El caso es que estamos en bises, y Battiato jugará al gato y al ratón con su público: se resiste a cantar más (“coraggio!”), amaga con hurtar a la gente anciana de Irlanda del Norte, aprieta algunas manos de los asistentes con sus manos de hombre mayor (venas marcadas, manchas oscuras), y el concierto entra en el típico estadio pagano-caótico de toda cita con Battiato. Y aquí nos quedan dos cosas por resolver: qué pasa con el niño Álvaro y qué sentido tiene que Battiato se pasee sin voz y con setenta y dos años dando conciertos por ahí. A Álvaro nos lo encontramos a lomos de su padre, frente a frente con Franco, cuando al fin suena "Voglio vederte danzare", y se ha consumado un paso de testigo generacional. Pero para responder a la pregunta de fondo tenemos que irnos al final del concierto.
Porque "Voglio vederte danzare" será lo último que suene, sí, pero porque el público se la canta a Battiato. El concierto acabó en realidad con la canción anterior, "Le nostre anime", lanzada por su autor en 2015 con motivo de su disco antología. El último Battiato es fenomenal y algún día habrá que reivindicar su Apriti Sesamo como el grandísimo álbum que es. Como sea: Battiato canta una canción conscientemente tardía para cerrar un concierto de su etapa tardía. Y es una canción que se ampara en la metáfora del camino para describir una vida.

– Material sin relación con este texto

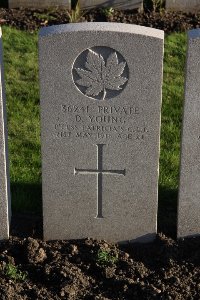 Lijssenthoek Military Cemetery - Young, D
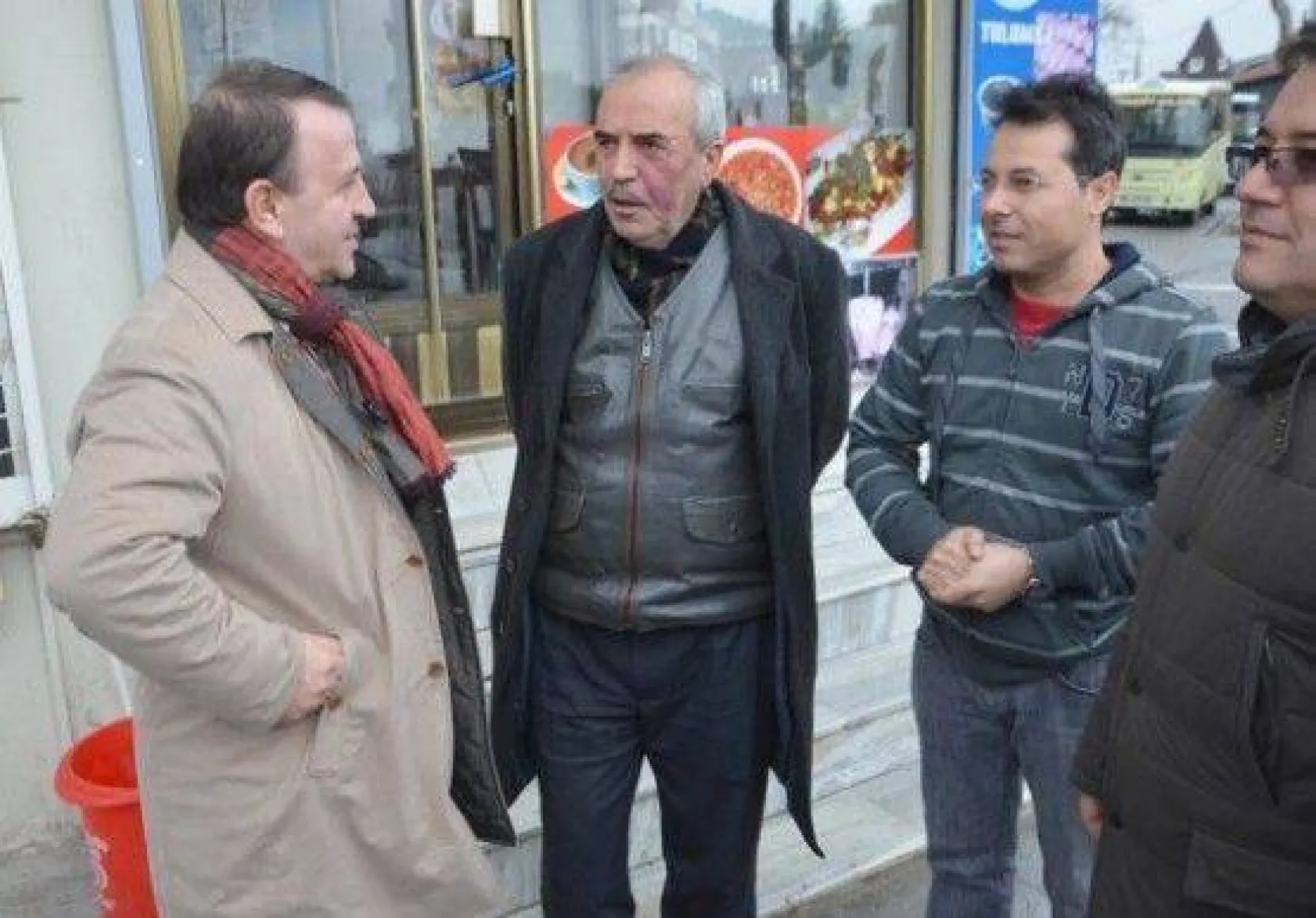 Işıklar Ekibiyle Birlikte İlçeyi Mahalle Mahalle D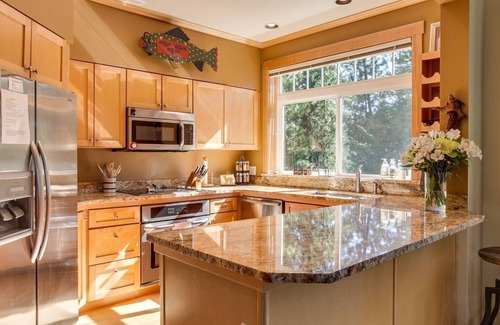 Leavenworth House | Gr8 Ski & Golf, Winter Wonderland near Leavenworth - 3 bedroom townhome!
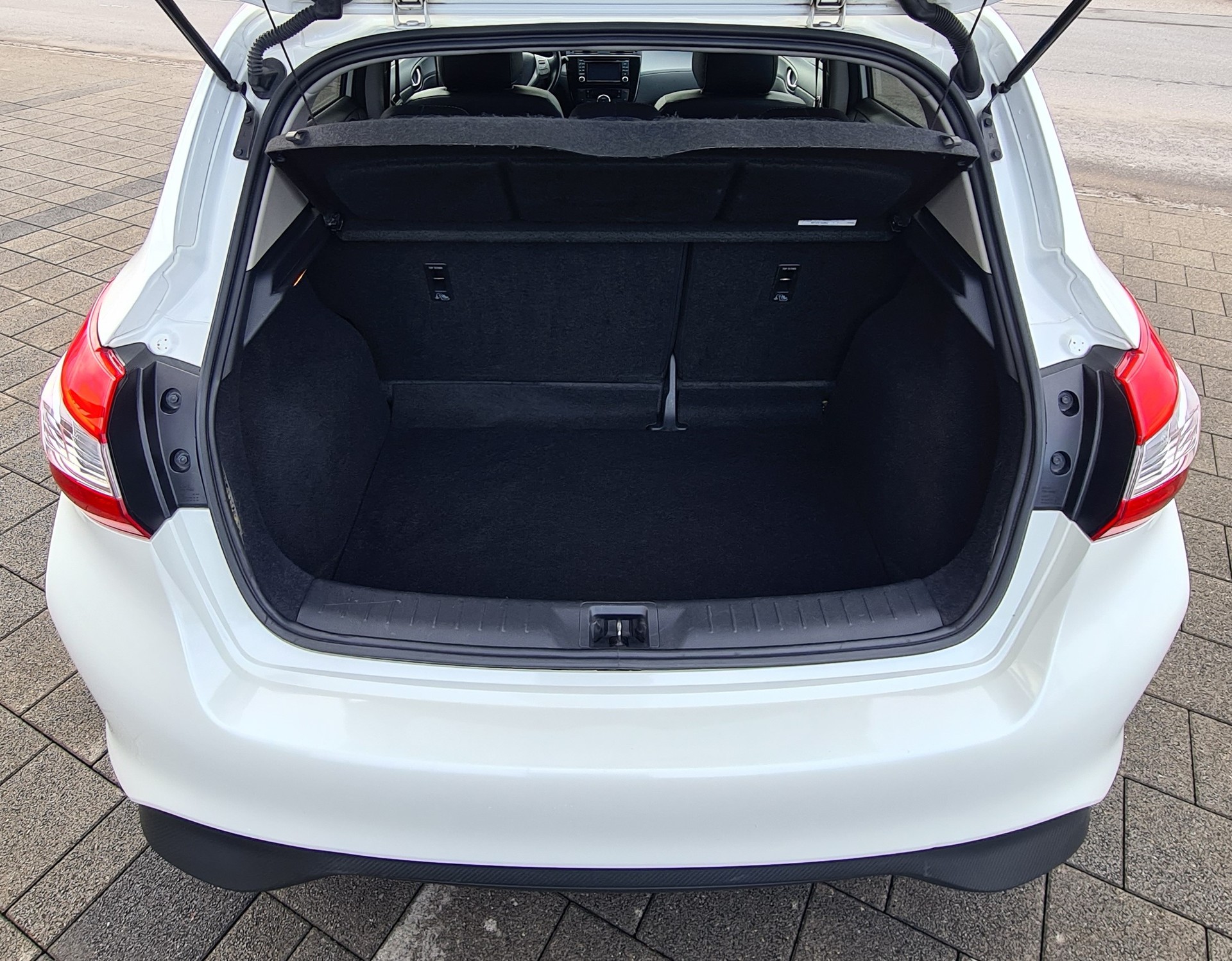 NISSAN Pulsar 1.2 DIG-N-Connecta-image-12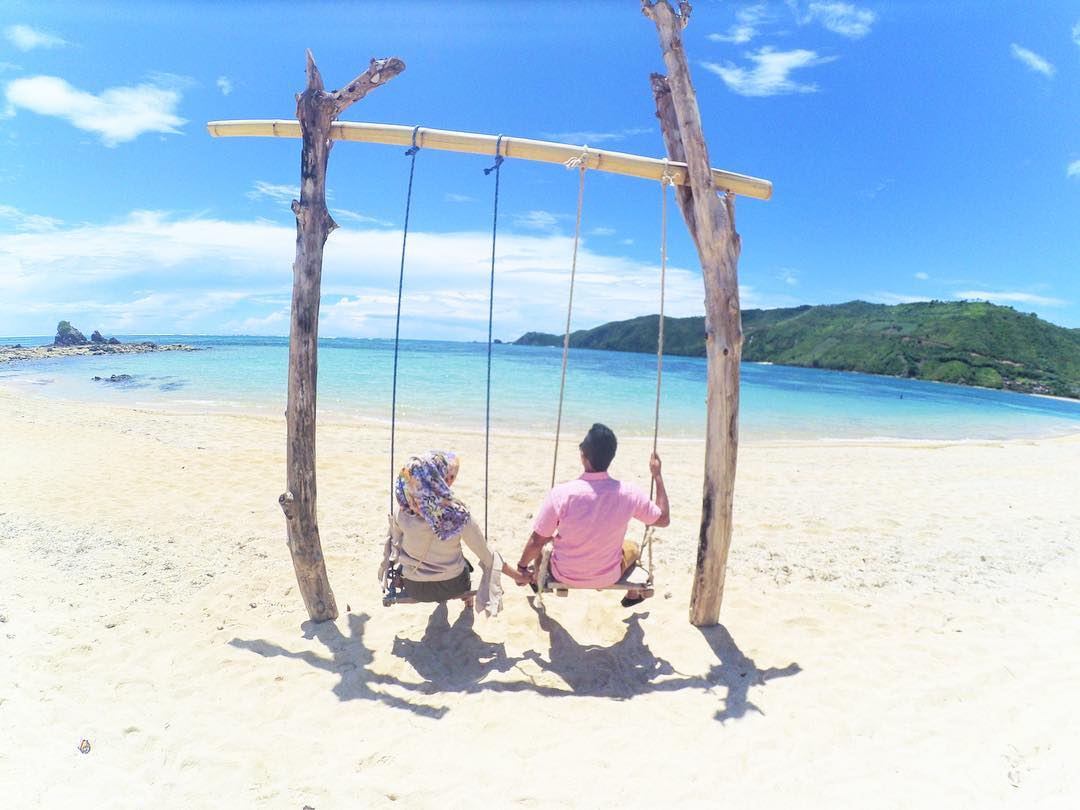 Detail Foto Pasangan Romantis Di Pantai Nomer 40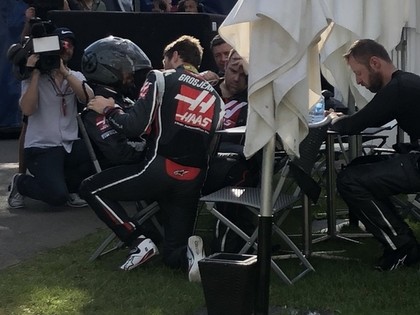 Jauno F1 sezonu ar uzvaru sāk Fetels, Haas komandai neveiksme un naudas sods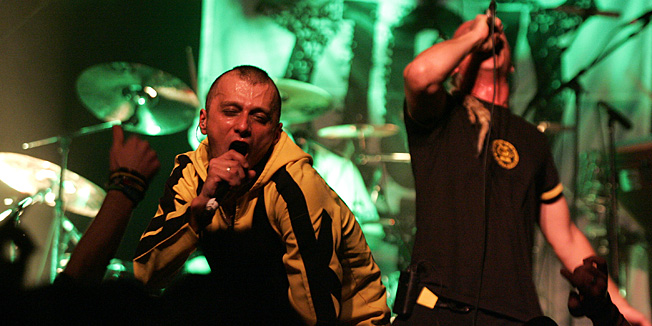 Zagreb, 281010.Dubioza kolektiv bosanskohercegovacki je glazbeni sastav cija je glazba mjesavina reggaea, duba i rocka, odrzao je koncert u rasprodanom klubu Aquarius.Na slici: Dubioza kolektiv.Foto: Bernard Covic / Cropix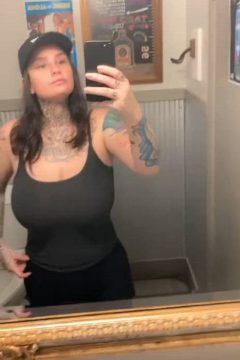 Tattooed MILF lifting her black top and flashing her big natural breasts in a mirror selfie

Un camino con etapas y transformaciones, que en realidad es lo que el italiano lleva cantando desde siempre. Es una superstición muy tosca y grotesca la que nos lleva a imaginar la vejez como otra cosa que una de esas etapas, estaciones, cambios. Pienso de pronto que, si "La cura" se refiere al amor como aquello que protege al amado de envejecer, tal vez envejecer ante el público, desvanecerse en el escenario, sea la última paradoja battiatesca, tan cercanas sus letras a esa figura por afinidad mística: envejecer para no envejecer. Dar constancia mientras haya coraje. Habrá que salvaguardar ese gesto como fundamental y, en los pormenores de la ejecución, resignarse a saludar 1945 con nostalgia en el Botánico, en Madrid, una noche de julio de 2017.